Your objective:
Omit the images and retype the records verbatim.

(Caption-style text data)
· · · · · · ·

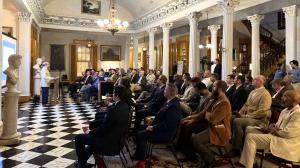Sold-out audience seated in the Belmont Mansion atrium for Meriwether Academy's Justin Shubow lecture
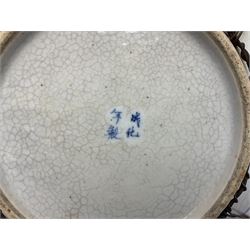20th century Chinese blue and white crackle glaze charger, decorated with peonies, prunus blossom, and rockwork, within simulated bronze border, with character mark verso, D34cm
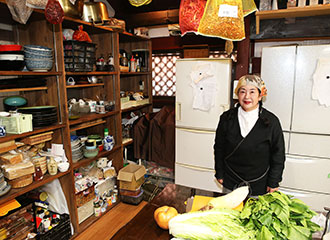 写真：台所に立つ光子さん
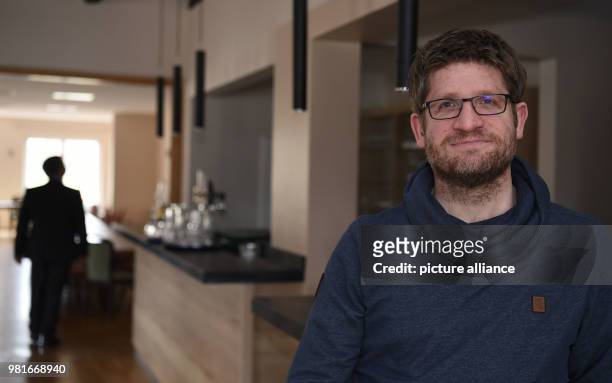 March 2018, Germany, Kirchboitzen: Torsten Soeder, member of the board of the cooperative society Kirchboitzer Zukunft stands at the renovated bar of...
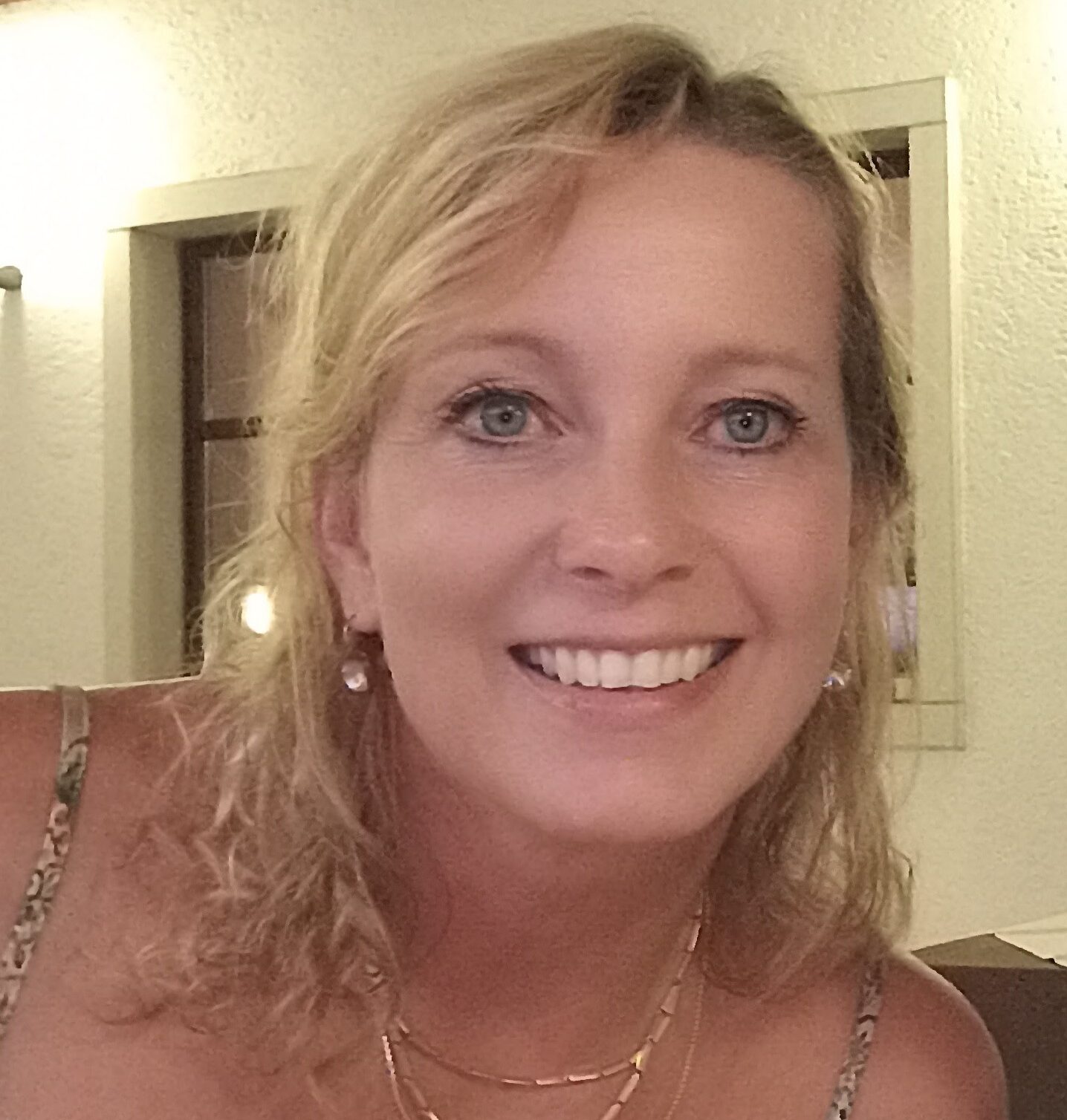 Elke, 55, steht in einem schlichten, sommerlichen Oberteil seitlich zur Kamera, ihre Haltung wirkt entspannt und natürlich.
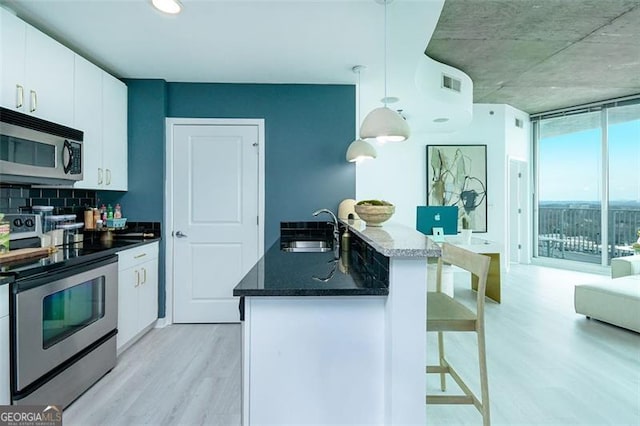 361 17th St Unit 2122, Atlanta, GA 30363 - kitchen with appliances with stainless steel finishes, light wood finished floors, a kitchen bar, decorative backsplash, and white cabinetry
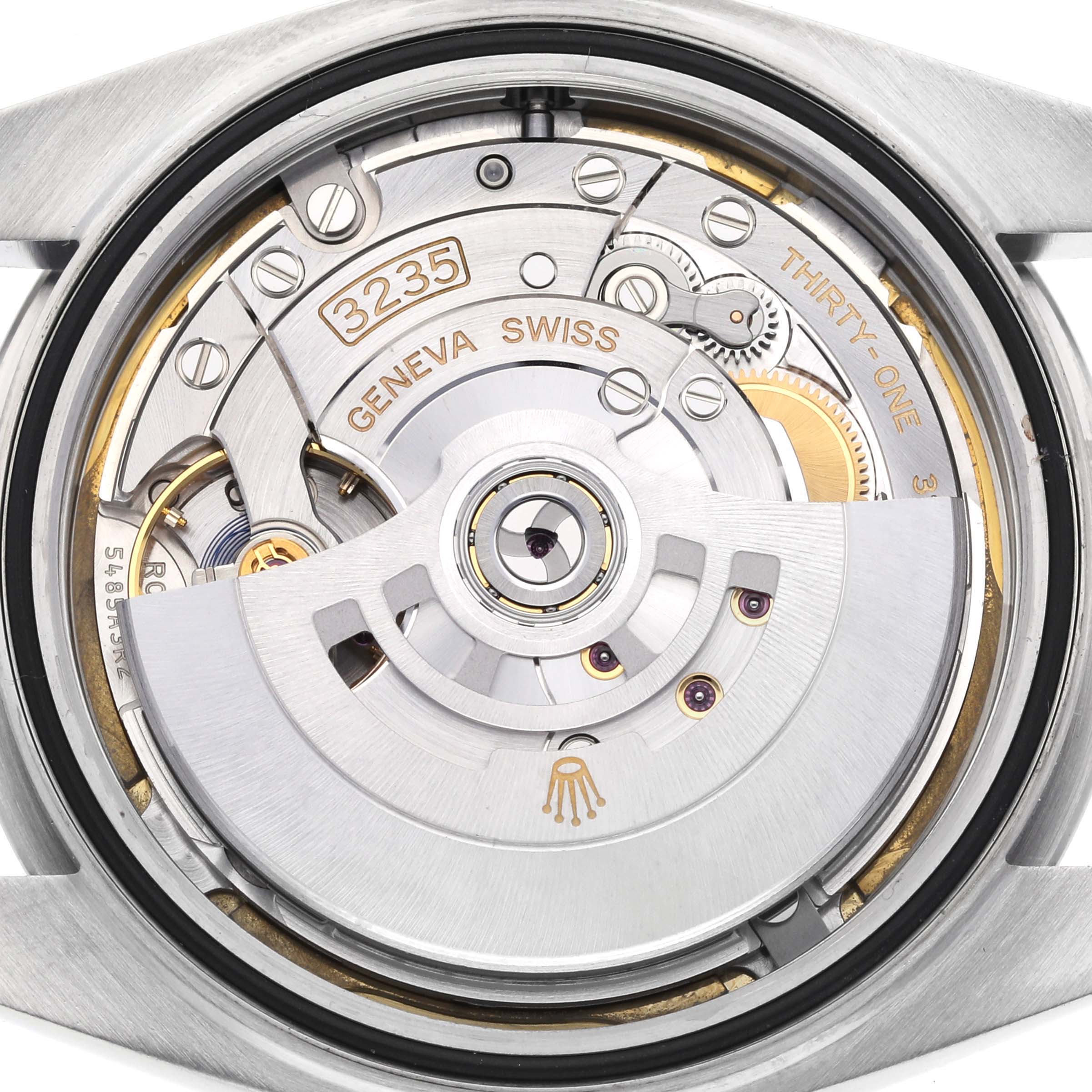 The image shows the movement of a Rolex Datejust 41 126300 Men's Stainless Steel White Dial 126300 Men's Stainless Steel White Dial watch from a rear angle, highlighting its intricate mechanics.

· · · · · · ·

Task solution:
Sold-out audience seated in the Belmont Mansion atrium for Meriwether Academy's Justin Shubow lecture
20th century Chinese blue and white crackle glaze charger, decorated with peonies, prunus blossom, and rockwork, within simulated bronze border, with character mark verso, D34cm
 写真：台所に立つ光子さん
 March 2018, Germany, Kirchboitzen: Torsten Soeder, member of the board of the cooperative society Kirchboitzer Zukunft stands at the renovated bar of...
 Elke, 55, steht in einem schlichten, sommerlichen Oberteil seitlich zur Kamera, ihre Haltung wirkt entspannt und natürlich.
 361 17th St Unit 2122, Atlanta, GA 30363 - kitchen with appliances with stainless steel finishes, light wood finished floors, a kitchen bar, decorative backsplash, and white cabinetry
 The image shows the movement of a Rolex Datejust 41 126300 Men's Stainless Steel White Dial 126300 Men's Stainless Steel White Dial watch from a rear angle, highlighting its intricate mechanics.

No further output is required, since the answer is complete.